The main problem with this graphic novel as a whole, however, is that it relies too much on other stories. If you haven’t read at least “Hush,” Identity Crisis and Batman: A Death in the Family, little of this story will make sense. What separates a decent story arc from a great one will always be how readable it is on its own, and Under The Hood just doesn’t stand up by itself.

Regarding the art, the team of Doug Mahnke and Tom Nguyen (responsible for a fine run on JLA and the underappreciated Justice League Elite) have simply done the work of their careers here, and Matt Wagner’s covers are all exceptional.
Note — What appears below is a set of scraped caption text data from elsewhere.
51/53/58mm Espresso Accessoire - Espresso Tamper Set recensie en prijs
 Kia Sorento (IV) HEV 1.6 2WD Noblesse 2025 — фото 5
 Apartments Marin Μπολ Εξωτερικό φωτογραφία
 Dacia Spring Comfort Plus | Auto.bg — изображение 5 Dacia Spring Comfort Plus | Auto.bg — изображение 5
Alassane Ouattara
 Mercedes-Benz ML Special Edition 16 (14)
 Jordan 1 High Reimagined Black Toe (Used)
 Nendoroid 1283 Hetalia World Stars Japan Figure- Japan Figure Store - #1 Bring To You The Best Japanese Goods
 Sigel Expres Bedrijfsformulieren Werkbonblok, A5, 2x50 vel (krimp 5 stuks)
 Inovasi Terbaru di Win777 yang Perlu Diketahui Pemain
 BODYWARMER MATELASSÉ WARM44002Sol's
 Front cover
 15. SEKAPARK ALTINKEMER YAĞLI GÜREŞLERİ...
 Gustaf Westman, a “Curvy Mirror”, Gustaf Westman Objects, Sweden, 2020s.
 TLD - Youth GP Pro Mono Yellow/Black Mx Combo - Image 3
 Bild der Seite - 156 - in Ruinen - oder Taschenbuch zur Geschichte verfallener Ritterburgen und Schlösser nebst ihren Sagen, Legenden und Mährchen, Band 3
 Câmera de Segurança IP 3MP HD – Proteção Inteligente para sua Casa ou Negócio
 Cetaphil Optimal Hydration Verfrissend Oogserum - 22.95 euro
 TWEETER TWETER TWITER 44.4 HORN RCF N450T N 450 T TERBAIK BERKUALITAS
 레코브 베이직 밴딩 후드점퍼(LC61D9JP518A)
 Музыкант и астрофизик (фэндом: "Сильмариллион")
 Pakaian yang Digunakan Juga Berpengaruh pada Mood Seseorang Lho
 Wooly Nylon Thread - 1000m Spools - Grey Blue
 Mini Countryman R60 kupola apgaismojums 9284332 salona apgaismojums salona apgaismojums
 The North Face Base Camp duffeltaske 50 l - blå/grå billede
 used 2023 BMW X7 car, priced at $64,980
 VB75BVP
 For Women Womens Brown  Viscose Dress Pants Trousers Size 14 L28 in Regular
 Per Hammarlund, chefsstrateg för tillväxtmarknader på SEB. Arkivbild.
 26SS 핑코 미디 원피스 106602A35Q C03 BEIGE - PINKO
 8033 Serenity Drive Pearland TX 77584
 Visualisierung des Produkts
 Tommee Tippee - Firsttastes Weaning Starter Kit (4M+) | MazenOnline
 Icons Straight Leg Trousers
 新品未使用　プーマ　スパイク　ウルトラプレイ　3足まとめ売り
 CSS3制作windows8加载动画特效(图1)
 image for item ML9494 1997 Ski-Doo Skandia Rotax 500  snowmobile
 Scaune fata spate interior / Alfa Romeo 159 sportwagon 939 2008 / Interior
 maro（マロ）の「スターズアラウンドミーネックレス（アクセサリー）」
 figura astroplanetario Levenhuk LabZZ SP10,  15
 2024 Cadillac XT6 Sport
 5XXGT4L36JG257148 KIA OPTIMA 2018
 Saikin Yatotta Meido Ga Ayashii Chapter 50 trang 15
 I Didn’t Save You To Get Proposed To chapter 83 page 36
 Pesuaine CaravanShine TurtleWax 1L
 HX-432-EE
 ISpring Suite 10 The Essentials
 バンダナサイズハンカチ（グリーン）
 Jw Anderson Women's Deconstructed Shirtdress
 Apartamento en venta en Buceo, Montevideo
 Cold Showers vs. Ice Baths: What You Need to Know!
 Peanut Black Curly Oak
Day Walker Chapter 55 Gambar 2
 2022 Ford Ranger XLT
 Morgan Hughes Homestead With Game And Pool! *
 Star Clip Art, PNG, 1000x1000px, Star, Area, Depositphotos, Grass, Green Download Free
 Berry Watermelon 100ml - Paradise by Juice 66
Confidential to DC: Ever put any thought into a Matt Wagner omnibus? Maybe “Faces,” Trinity, his Demon miniseries, his random Batman short stories and all the covers he’s done over the years? Think about it.

Would I travel back in time to buy the original issues off the shelf?: Oh, hell no.

Monday, August 21, 2006

Don't cry for Booster Gold



You’ve probably already heard about what happened to Booster Gold last week. In an attempt to save countless innocent lives in downtown Metropolis (and/or his own flailing reputation), Booster pushed his power suit to its absolute limit, lifting a nuclear sub high into the air where it detonated.

When his rival Supernova flew up to rescue him, all he found was a skeleton.

According to DC’s Dan Didio, dead really does mean dead this time. Booster Gold is really, permanently dead, he told Newsarama.com last week.

I don’t buy it. Maybe I’m just experiencing the first stage of grief over a beloved B-List character, but I don’t think Booster Gold’s really dead, and, if he is, I don’t expect him to remain dead very long.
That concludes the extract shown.